Dalam sumpah itu, Raksasa Kalarau menyebut jika pada suatu saat akan memakan Matahari dan Bulan. Dan itulah yang terjadi ketika sumpah Raksasa Kalarau dilakukan, dan cikal bakal kepercayaan Hindu tentang Gerhana Matahari.
"Namun, karena badan dan kepala terpisah, setiap memakan Matahari dan Bulan selalu keluar lagi dari leher Raksasa Kalarau," katanya.
4. Mitologi Di Bumi Borneo
Di bumi Borneo, Masyarakat Dayak percaya, ketika gerhana matahari, Matahari dikuasai Jangkarang Matan Andau, manifestasi dari Hyang Ilahi. Gerhana adalah pertanda dari Jangkarang Matan Andau bagi keberlangsungan hidup manusia pada masa datang.
"Jika gerhana matahari terjadi pagi hari atau subuh, itu pertanda bagi mereka yang berusia muda, mulai dari baru lahir hingga usia dewasa, akan memperoleh terang kehidupan. Pada pagi hari terdapat kesegaran, kesejukan, dan kesehatan," kata Bajik Rubuh Simpei, rohaniwan Hindu Kaharingan, di Palangkaraya, Kalimantan Tengah (Kompas 17 Februari 2016).

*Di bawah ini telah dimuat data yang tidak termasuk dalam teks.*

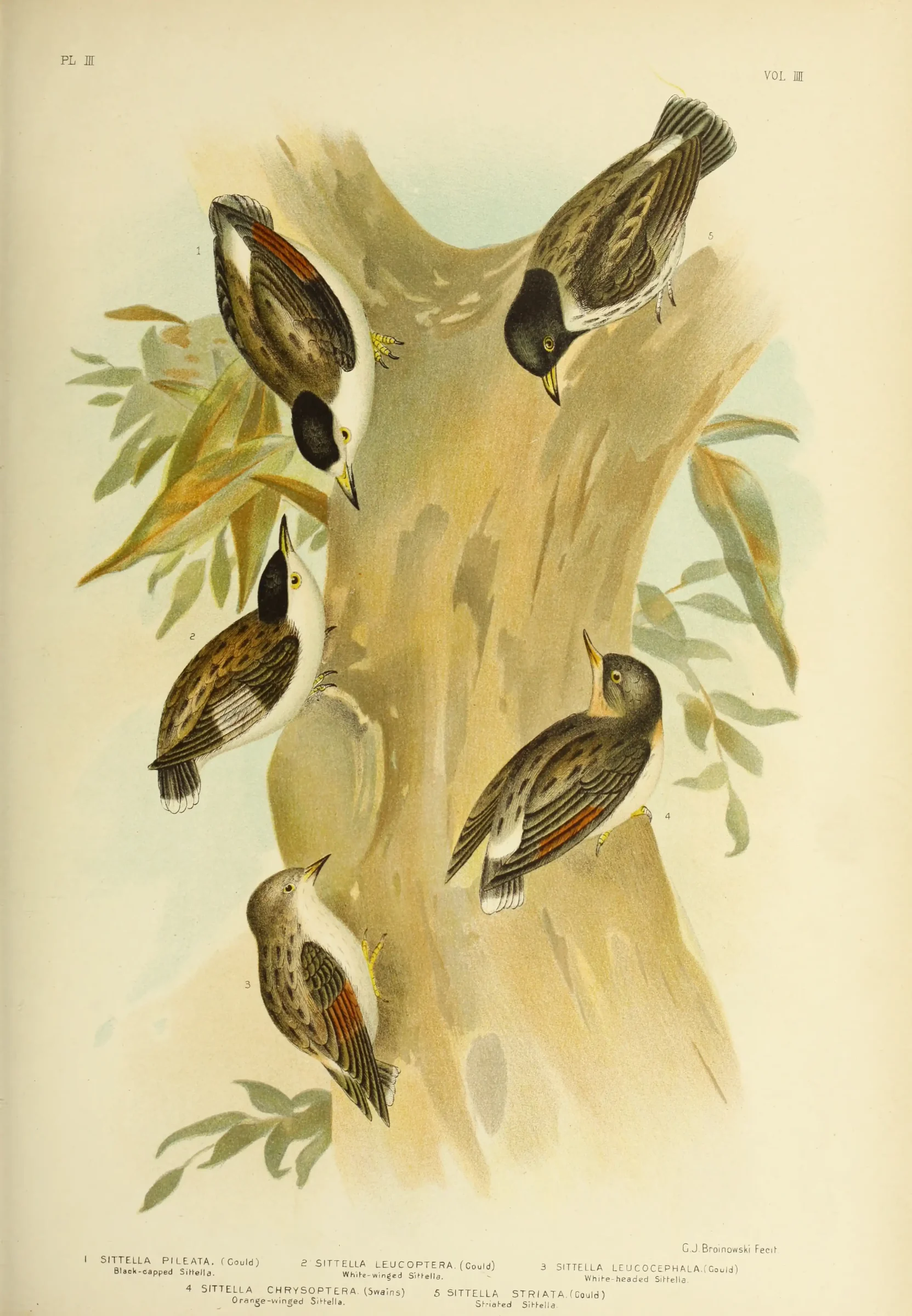 Historical bird plate: Varied Sittella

Selanjutnya, apabila gerhana terjadi siang hari, perlu diwaspadai akan terjadi bencana atau gejolak di kemudian hari. Sifat siang hari yang panas rentan menimbulkan gejolak yang harus diantisipasi pada masa depan. Jika gerhana matahari terjadi sore hari, masyarakat Dayak meyakini pada masa mendatang akan damai, aman, dan penuh berkat.
"Segala tanda dari fenomena alam itu untuk mendorong manusia mawas diri dan berhati-hati menghadapi masa depan," katanya.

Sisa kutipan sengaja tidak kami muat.